American football coach & player (born 1976)

Zach Azzanni (born August 10, 1976) is an American football coach who is the wide receivers coach for the Las Vegas Raiders of the National Football League (NFL). Azzanni, who enters his 29th season coaching wide receivers, previously coached with the Pittsburgh Steelers, New York Jets, Denver Broncos, and Chicago Bears following 18 years at the college level.

==Early life==
Azzanni played college football as a wide receiver at Central Michigan University from 1994 to 1998. He graduated from Central Michigan with a degree in sports management in 1999.

==Coaching career==
===College===
Azzanni began his coaching career as wide receivers coach for Valparaiso University in 1999. He spent two seasons there before working as a graduate assistant under Head Coach Urban Meyer at Bowling Green from 2001 to 2002. Azzanni remained at Bowling Green after Meyer left to become Utah's head coach in 2003 and coached receivers for four seasons. Azzanni then served as the wide receivers coach, as well as the assistant head coach, at Central Michigan University. His CMU teams compiled a three-year record of 28–13, including three consecutive bowl appearances.

Azzanni was hired by Florida after the 2009 college regular season. In his first game coaching with the Gators—the 2010 Sugar Bowl—quarterback Tim Tebow threw for a career-high 482 yards in the Gators’ 51–24 win against Cincinnati. Azzanni then went on to be the offensive coordinator/wide receivers coach at Western Kentucky in 2011 for one season. In 2012, he spent one season coaching the wide receivers at the University of Wisconsin.

In 2013, Azzanni joined and spent four years at the University of Tennessee. He joined the Vols as wide receivers coach/recruiting coordinator before being promoted to passing game coordinator/wide receivers coach in 2015. Tennessee went to three consecutive bowl games from 2014 to 2016, winning each contest and averaging nearly 43 points per outing. The Vols’ passing attack in 2016, which featured six different players with at least 200 yards receiving, helped the offense set school records for single-season points (473) and touchdowns (63).

===NFL===
====Chicago Bears====

The Chicago Bears hired Azzanni as their wide receivers coach for the 2017 season.

====Denver Broncos====
The Denver Broncos hired Azzanni as their wide receivers coach on January 22, 2018.

====New York Jets====
The New York Jets hired Azzanni as their wide receivers coach on February 20, 2023.

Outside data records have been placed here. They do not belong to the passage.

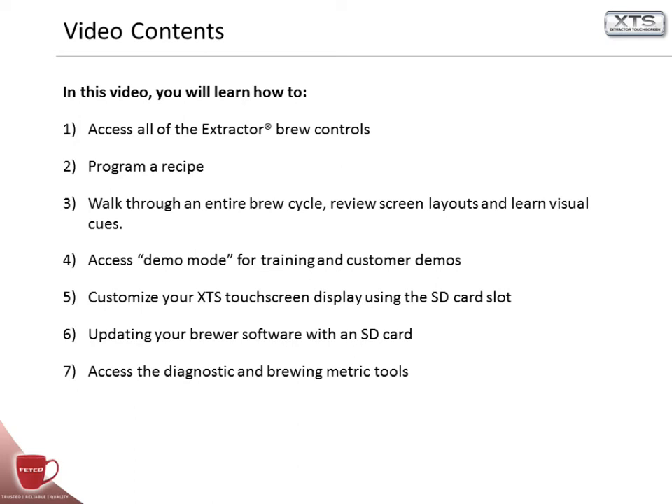In this video, you will learn how to access all of the legendary extractor brew controls, program a recipe, walk through the entire brew cycle, review screen layouts, and learn visual cues. You'll also access demo mode for training and customer demos, customize your XTS touchscreen display using an SD card slot, update your brewer software with an SD card, and access the diagnostic and brewing metric tools.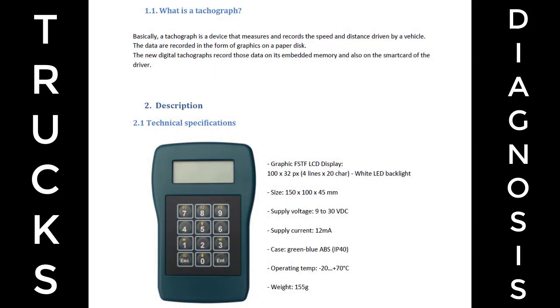What is a tachograph? Basically, a tachograph is a device that measures and records the speed and distance driven by a vehicle. The data are recorded in the form of graphics on a paper disc. The new digital tachographs record those data on its embedded memory and also on the smart card of the driver.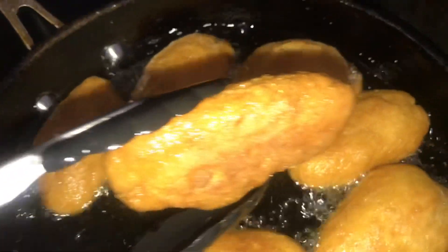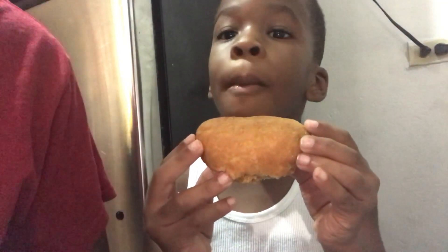Look how golden brown it is! I called in the testers, Sean and Felix, to come and test it — to see how it tastes, if it's delicious, if it reminds them of my grandmother's. And voila, yes, I passed the test! Look how beautiful my festival is.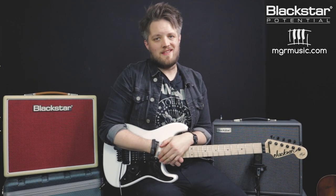Hello everyone and welcome to Blackstar Potential. My name is Lee Fuge and I'm here today with MGRmusic.com. In this video we're going to look at five Ritchie Sambora inspired guitar tones using the Blackstar Silverline series. The amp I'm using is the Blackstar Silverline Deluxe, but all of the patches are downloadable on the Blackstar Insider Community and linked below in the description — you can upload these to any of your Silverline series.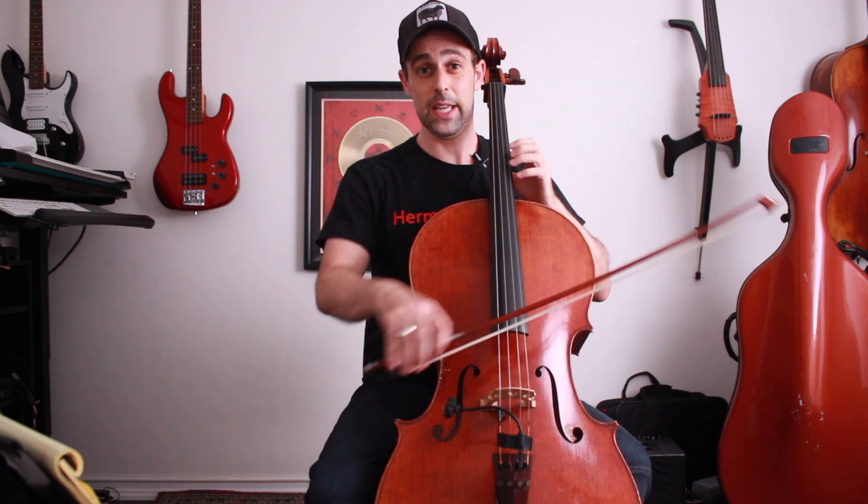Instead, let's use our two-plus-four-plus-one system, which we now know how to do, and practice it this way. There we go — much better. You notice in that case there's no actual shifting happening. I'm using my extend-and-hop but staying within this area here, basically in an upper-third position type area.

====Pittsburgh Steelers====
The Pittsburgh Steelers hired Azzanni as their wide receivers coach on February 8, 2024.

====Las Vegas Raiders====
On February 18, 2026, the Las Vegas Raiders hired Azzanni as their wide receivers coach under new head coach Klint Kubiak.

==Coaching success==
Azzanni has experienced three Bowl seasons at Central Michigan, a BCS All State Sugar Bowl win, another Outback Bowl win at Florida, 2 Bowl wins while Wide Receiver's Coach at Bowling Green, including one over Big Ten Opponent Northwestern and a TaxSlayer Gator Bowl and Outback Bowl win at Tennessee against the Iowa Hawkeyes. Players he has coached include Antonio Brown (CMU), Charles Sharon (Bowling Green), and Western Kentucky running back Bobby Rainey.